TATP (Telecommunication Application Transaction Processing): 1. %70 of the operations are single-row lookup by using FaRM’s lock free reads (no commit phase). 2. %10 of the operations read 2-4 rows and require validation during the commit phase. 3. %20 of the operations are updates and require full commit protocol. TPCC, a well known benchmark with complex transactions that access hundreds of rows.

SLIDE 38

Normal case performance(Failur e-free)

TATP: 140 million TATP transaction per second with 58 us median latency and 645 us 99th percentile latency. (Outperforms published TATP results for Hekaton) TPCC: Forms up 4.5 million “new” transaction per second with median latency of 808 us and 99th percentile latency of 1.9ms. (Throughput is 17x higher than Silo without logging)

SLIDE 39

Failures

TATP: Throughput drops sharply at the failure but recover rapidly(40ms) and have some dips because of skewed access in the benchmark.

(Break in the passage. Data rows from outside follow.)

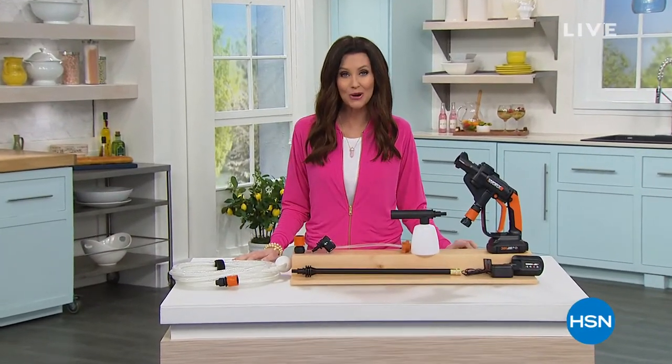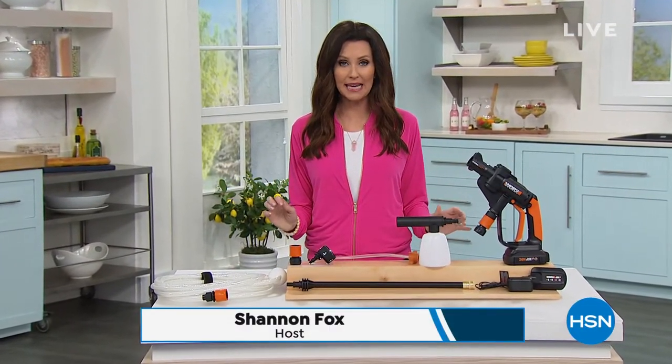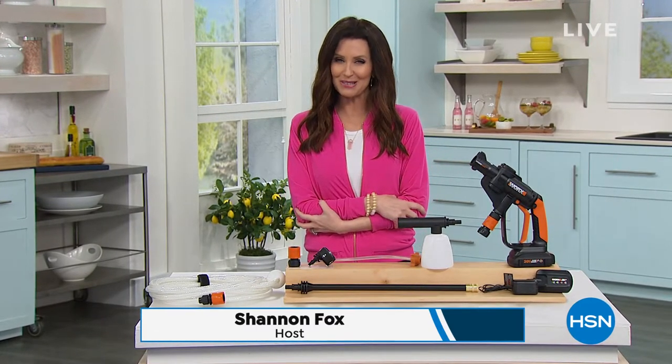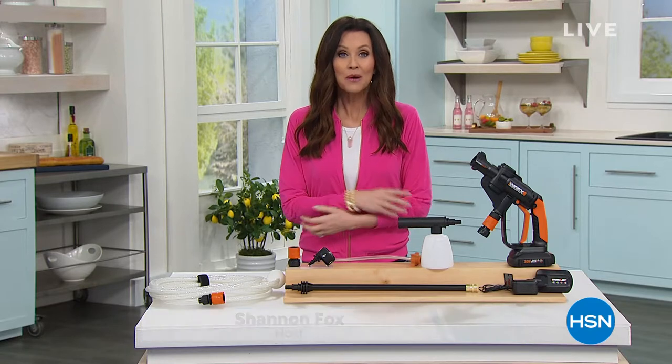Welcome in. I'm Shannon Fox, your host. We've got Brands You Love weekend. In fact, this cool jacket I'm wearing is our today's special from Iman, so you're definitely going to want to check that out. We also have Home Solutions featuring Shark in this hour.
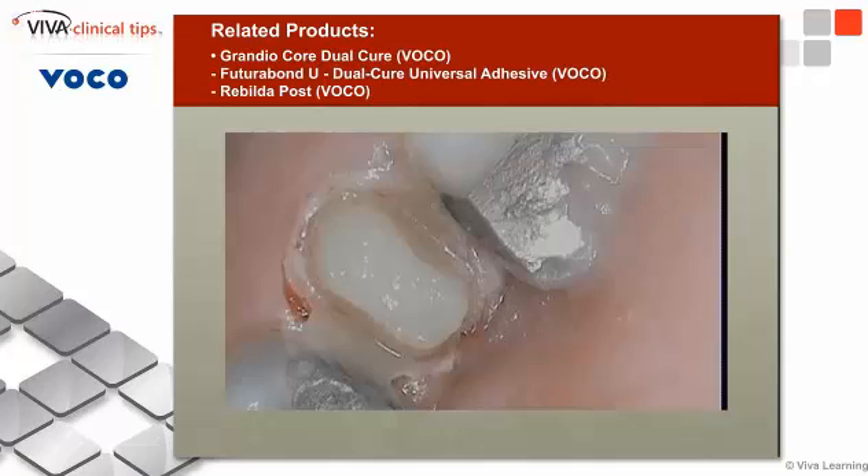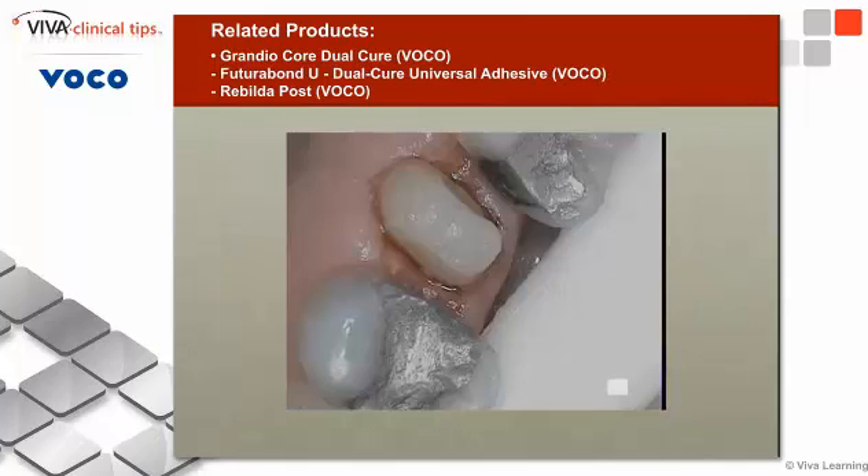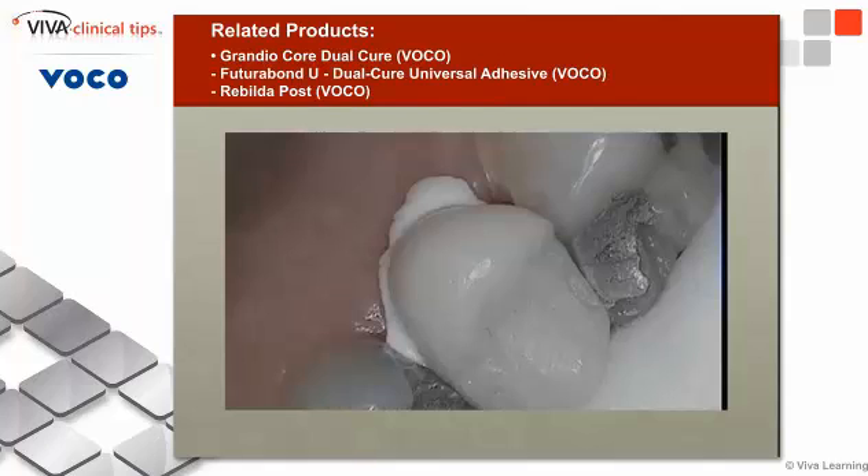Then I gently bring the crown off the tooth — that was the whole purpose of placing the Vaseline inside. I then go ahead and prep the tooth back, being very careful to avoid the margins. I do not want to alter the margins of this tooth; I just want to remove the flash, which I might do with finishing burs like an ET9, or with an explorer or a scalpel, depending on what I think is needed.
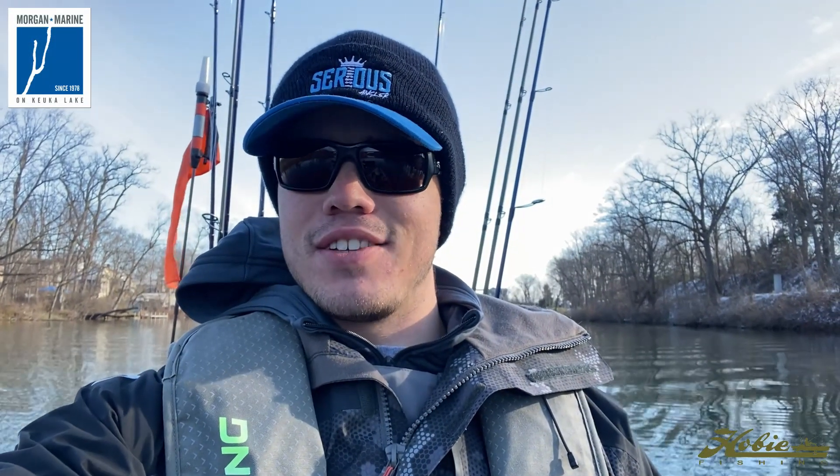Hey guys, what's going on? This is Bailey Icke-Brett from the Serious Angler Podcast. If you guys saw, I posted a video on how I set up my 2020 Hobie Outback, and I mentioned in that video that I would post a performance review as well — on the water, my thoughts, pros, and cons. And that's what this video is going to be about. So if you're curious on how the 2020 Hobie Outback performs, this is going to be your video, so stick around.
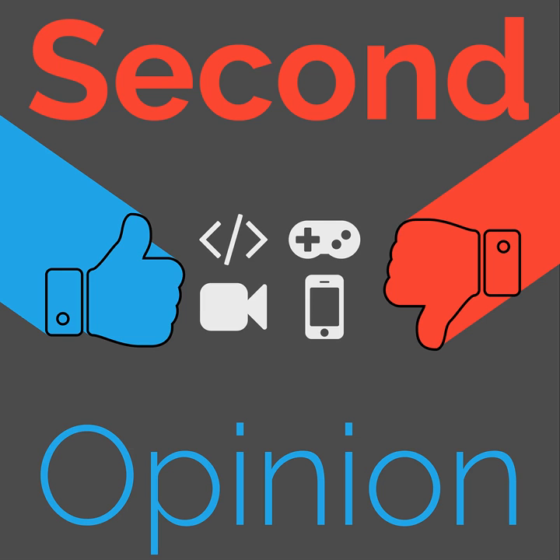Welcome to Second Opinion, the review show here on the Nexus. I am your host, Ryan Rampersad, and today I will be talking to you about the late Samsung Galaxy Note 20 Ultra. Find the show notes for this episode at thenexus.tv/SO107.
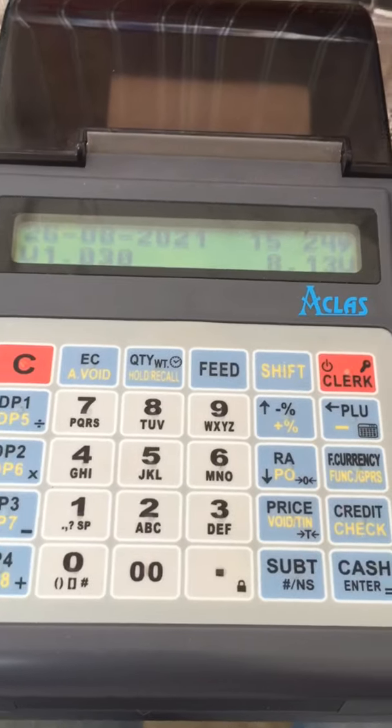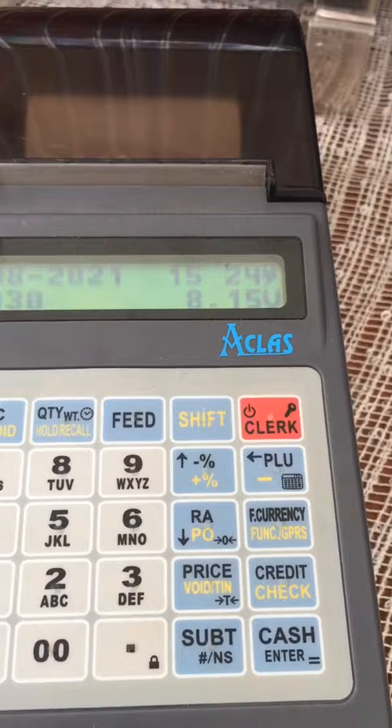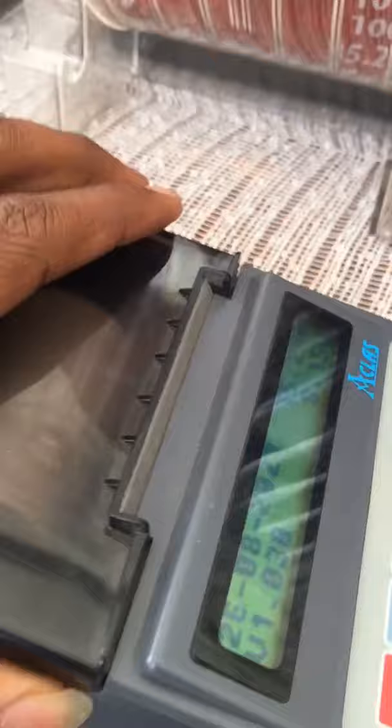Hi guys, most people have been asking how to install the paper in an ETR machine. So if you want to change the paper in an ETR machine, let me show you.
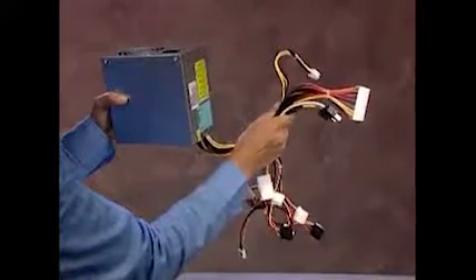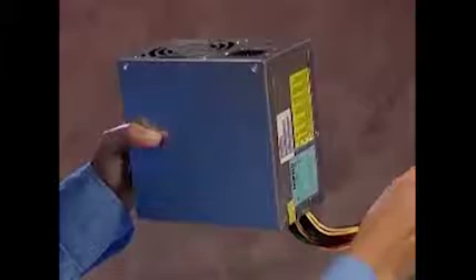Always replace the entire power supply; never attempt to work within the power supply unit.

TPCC: Regain most of throughput in less than 50ms and that all regions become active shortly after that.

SLIDE 40

Failures

TPCC: Regain most of throughput in less than 50ms and that all regions become active shortly after that.

SLIDE 41

Failing the CM

Recovery is slower than when a non-CM process fails because the increasing reconfiguration time: from 20 ms to 97 ms.

SLIDE 42

Distribution of recovery times

Same process time to regain throughput when use smaller data set. Median recovery time: Around 50 ms More than %70 executions have recovery time less than 100 ms.

SLIDE 43

Related work

1. RAMCloud: Does not support multi-object transaction where FaRM supports, takes too long for recovery where FaRM just use tens of a milliseconds of a failure. 2. Spanner: Use 2f+1 replicas compared to FaRM’s f+1, and sends more messages to commit than FaRM. 3. Silo: Storage is local and thus availability is lost when the machine fails, FaRM also achieves higher throughput and lower latency than Silo.

SLIDE 44

Conclusion

1. Transaction make it easier to program distributed systems but many systems avoid them or weaker their consistency to improve availability and performance. 2. FaRM is a distributed main memory computing platform for modern data centers that provides strictly serializable transactions with high throughput, low latency, and high availability. 3. FaRM can also recover from a machine failure back to providing peak throughput in less than 50 ms , making failures transparent to applications.